Wednesday, August 29, 2007

The Real Tim Couch


If you haven't heard, former NFL QB Tim Couch has admitted to using performance enhancing drugs to aid in an attempt to make an NFL roster. At least, I think he admitted it. A series of stories at Yahoo! Sports seem to make it sound like he admitted do doing something once - for a week, or an hour, or something. Allegedly, the drug of choice was HGH, and since Couch fell short in his comeback attempt with the Jacksonville Jaguars, we can only conclude on of two things:



  1. HGH isn't living up to it's reputation as a performance enhancer, or

  2. Tim Couch isn't an NFL calibar quarterback, even with the help of HGH.

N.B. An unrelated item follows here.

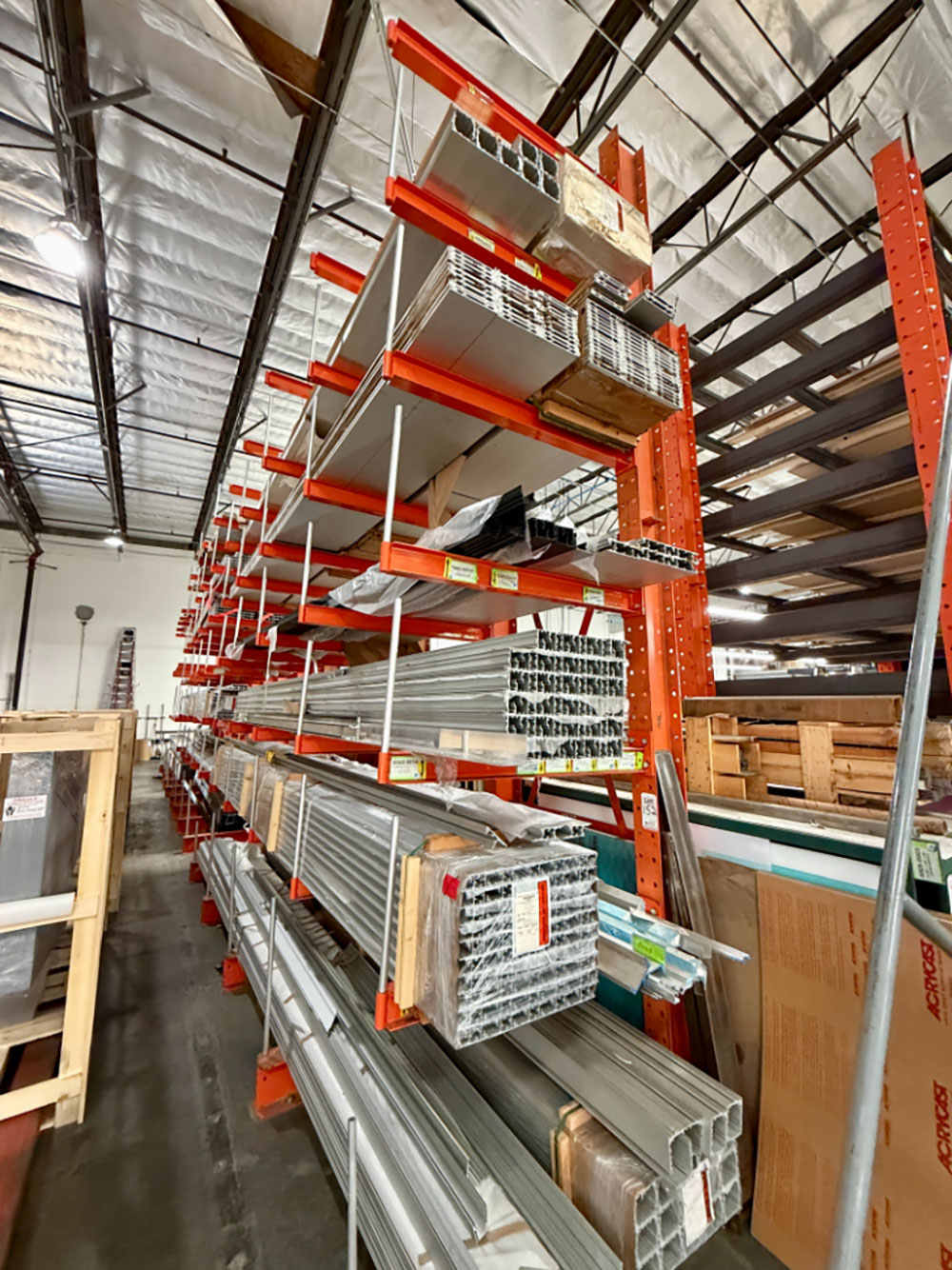 LOT - (3) 17' CANTILEVER MATERIAL RACKS W/ CROSS BRACING, 4' ARMS, 16' TOTAL HT, CONTENTS NOT INCLUDED-152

While Cleveland Browns fans will readily claim the second explanation (Couch washed out of Cleveland after being selected as the #1 overall pick in the 1999 NFL draft), let's think about this.

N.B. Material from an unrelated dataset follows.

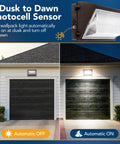 Side-by-side image showing the Beefed Up Bright 120W LED Wall Pack Dusk To Dawn Security Light for outdoor use on a garage at night.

Hmmm...after consideration, I'll also take choice #2.


In retrospect, Tim Couch was a system quarterback. The system was the spread offense of Hal Mumme and Mike Leach at Kentucky during the late 90's. At that time, few Division I college offenses had experimented with the spread, run n' gun, or whatever you want to call it. The Houston Cougers used it with a great deal of success in the early 90's, but even late in that decade, the spread was still a new concept in most BCS power conferences.


Couch was the right man in the right place at the right time at Kentucky. In the couple of years it took SEC defenses to adjust to the spread, Couch put up big numbers. Much like "system" QB's Andre Ware and David Klingler before him, Couch leveraged his college stats into NFL riches. but much to the dismay of Browns fans, Couch was exposed when he got to the next level.


I have no idea what separates a Tim Couch from a Peyton Manning or Donovan McNabb, but whatever it is, Couch doesn't have it. And no amount of steroid or HGH will ever help him find it.

1 comment:

Anonymous said...

What's the run-n-gun? Have you been playing Madden to much? It's called the run-n-shoot... but this wasn't the system/scheme being ran by Kentucky at the time. It was simply just the "Air Raid" spread offense.